Say $u(t) = 1$ for $-\frac{h}{2} \leq t \leq \frac{h}{2}$ and $u(t) = 0$ elsewhere.
Then the convolution is
$\int_{-\infty}^\infty y(t) \, u(x-t) \, dt = \int_{x-h/2}^{x+h/2} y(t) \, dt$.

 

[jbunniii]

If we assume that the functions are nice enough, then $g = x*y$ can be Fourier transformed to $\hat{g} = \hat{x}\hat{y}$. If $\hat{x}$ is nonzero everywhere, then this can be solved: $\hat{y} = \hat{g} / \hat{x}$ and in some cases you may be able to invert the Fourier transform to find $y$.

Certainly this will NOT be possible if $\hat{x}$ is zero at too many points, for example on an open set where $\hat{y}$ is nonzero - in that case, information is irretrievably lost.
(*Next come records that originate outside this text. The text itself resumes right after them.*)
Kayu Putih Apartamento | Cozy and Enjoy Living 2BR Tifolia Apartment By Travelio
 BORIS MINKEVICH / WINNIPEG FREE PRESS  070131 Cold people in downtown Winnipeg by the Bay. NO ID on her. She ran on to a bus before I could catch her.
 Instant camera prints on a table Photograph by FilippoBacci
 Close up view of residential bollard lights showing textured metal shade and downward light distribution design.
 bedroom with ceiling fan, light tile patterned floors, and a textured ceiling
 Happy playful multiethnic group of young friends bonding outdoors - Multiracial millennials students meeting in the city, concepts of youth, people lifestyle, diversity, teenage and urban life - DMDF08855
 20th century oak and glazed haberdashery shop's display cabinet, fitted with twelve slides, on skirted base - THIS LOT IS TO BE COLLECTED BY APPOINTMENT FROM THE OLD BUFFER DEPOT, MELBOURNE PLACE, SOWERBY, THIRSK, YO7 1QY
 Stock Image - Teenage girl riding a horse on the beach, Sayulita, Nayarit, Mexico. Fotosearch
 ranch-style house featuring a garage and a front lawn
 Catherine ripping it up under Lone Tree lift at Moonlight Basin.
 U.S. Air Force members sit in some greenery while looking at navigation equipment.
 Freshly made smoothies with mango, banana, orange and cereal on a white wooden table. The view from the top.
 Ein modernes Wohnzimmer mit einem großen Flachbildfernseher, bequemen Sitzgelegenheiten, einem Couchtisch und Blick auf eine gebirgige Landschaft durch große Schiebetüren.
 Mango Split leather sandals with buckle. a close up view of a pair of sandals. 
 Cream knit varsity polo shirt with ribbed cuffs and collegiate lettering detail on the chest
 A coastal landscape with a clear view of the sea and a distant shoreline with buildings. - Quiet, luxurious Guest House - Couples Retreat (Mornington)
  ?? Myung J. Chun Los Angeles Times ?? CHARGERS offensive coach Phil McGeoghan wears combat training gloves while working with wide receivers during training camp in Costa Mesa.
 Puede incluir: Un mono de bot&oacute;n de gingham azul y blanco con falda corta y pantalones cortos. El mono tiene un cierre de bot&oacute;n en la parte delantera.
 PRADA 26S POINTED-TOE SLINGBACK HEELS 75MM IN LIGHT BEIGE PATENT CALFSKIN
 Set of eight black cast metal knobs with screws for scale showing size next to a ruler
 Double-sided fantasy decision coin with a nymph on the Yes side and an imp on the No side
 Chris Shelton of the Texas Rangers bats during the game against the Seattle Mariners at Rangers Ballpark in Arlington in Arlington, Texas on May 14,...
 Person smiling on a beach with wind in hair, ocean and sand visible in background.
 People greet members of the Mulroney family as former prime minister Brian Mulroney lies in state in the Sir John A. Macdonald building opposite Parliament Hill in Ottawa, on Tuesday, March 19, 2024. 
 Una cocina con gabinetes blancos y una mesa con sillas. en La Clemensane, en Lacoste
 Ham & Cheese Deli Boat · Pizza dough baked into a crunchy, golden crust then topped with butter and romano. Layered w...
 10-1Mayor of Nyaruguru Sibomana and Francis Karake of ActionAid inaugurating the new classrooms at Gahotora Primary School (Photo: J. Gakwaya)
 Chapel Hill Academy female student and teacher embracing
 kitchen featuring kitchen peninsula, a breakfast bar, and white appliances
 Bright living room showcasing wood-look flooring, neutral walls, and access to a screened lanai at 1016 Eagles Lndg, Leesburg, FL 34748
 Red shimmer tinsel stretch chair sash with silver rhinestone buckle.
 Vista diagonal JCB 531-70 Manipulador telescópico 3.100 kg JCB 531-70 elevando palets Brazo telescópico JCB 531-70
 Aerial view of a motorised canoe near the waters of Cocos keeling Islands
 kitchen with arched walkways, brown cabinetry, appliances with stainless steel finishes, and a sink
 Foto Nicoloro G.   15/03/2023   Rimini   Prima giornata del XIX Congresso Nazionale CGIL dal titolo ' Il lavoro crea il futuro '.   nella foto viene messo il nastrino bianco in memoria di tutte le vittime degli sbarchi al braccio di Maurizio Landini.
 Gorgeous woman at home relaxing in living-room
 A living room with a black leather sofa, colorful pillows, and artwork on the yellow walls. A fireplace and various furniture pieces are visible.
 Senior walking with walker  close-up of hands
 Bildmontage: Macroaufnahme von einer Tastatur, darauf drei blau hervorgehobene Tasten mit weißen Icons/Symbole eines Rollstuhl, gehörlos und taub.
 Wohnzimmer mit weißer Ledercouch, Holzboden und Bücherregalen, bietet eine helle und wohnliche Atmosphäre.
If $\hat{x}$ is never zero or is only zero on a set of measure zero, then you may be able to recover $y$ in principle as long as $\hat{g} / \hat{x}$ has an inverse Fourier transform. (E.g., if $\hat{g} / \hat{x}$ is an $L^2$ function.)

 

[Aladdin123]

The convolution integrates with respect to a dummy variable.
Say $u(t) = 1$ for $-\frac{h}{2} \leq t \leq \frac{h}{2}$ and $u(t) = 0$ elsewhere.
Then the convolution is
$\int_{-\infty}^\infty y(t) \, u(x-t) \, dt = \int_{x-h/2}^{x+h/2} y(t) \, dt$.

Yes Ok that makes sense , So how do i get y(x)?
Note that I am expecting it to be of a Gaussian nature but I can't know for sure

 

[Aladdin123]

If we assume that the functions are nice enough, then $g = x*y$ can be Fourier transformed to $\hat{g} = \hat{x}\hat{y}$. If $\hat{x}$ is nonzero everywhere, then this can be solved: $\hat{y} = \hat{g} / \hat{x}$ and in some cases you may be able to invert the Fourier transform to find $y$.

Certainly this will NOT be possible if $\hat{x}$ is zero at too many points, for example on an open set where $\hat{y}$ is nonzero - in that case, information is irretrievably lost. If $\hat{x}$ is never zero or is only zero on a set of measure zero, then you may be able to recover $y$ in principle as long as $\hat{g} / \hat{x}$ has an inverse Fourier transform. (E.g., if $\hat{g} / \hat{x}$ is an $L^2$ function.)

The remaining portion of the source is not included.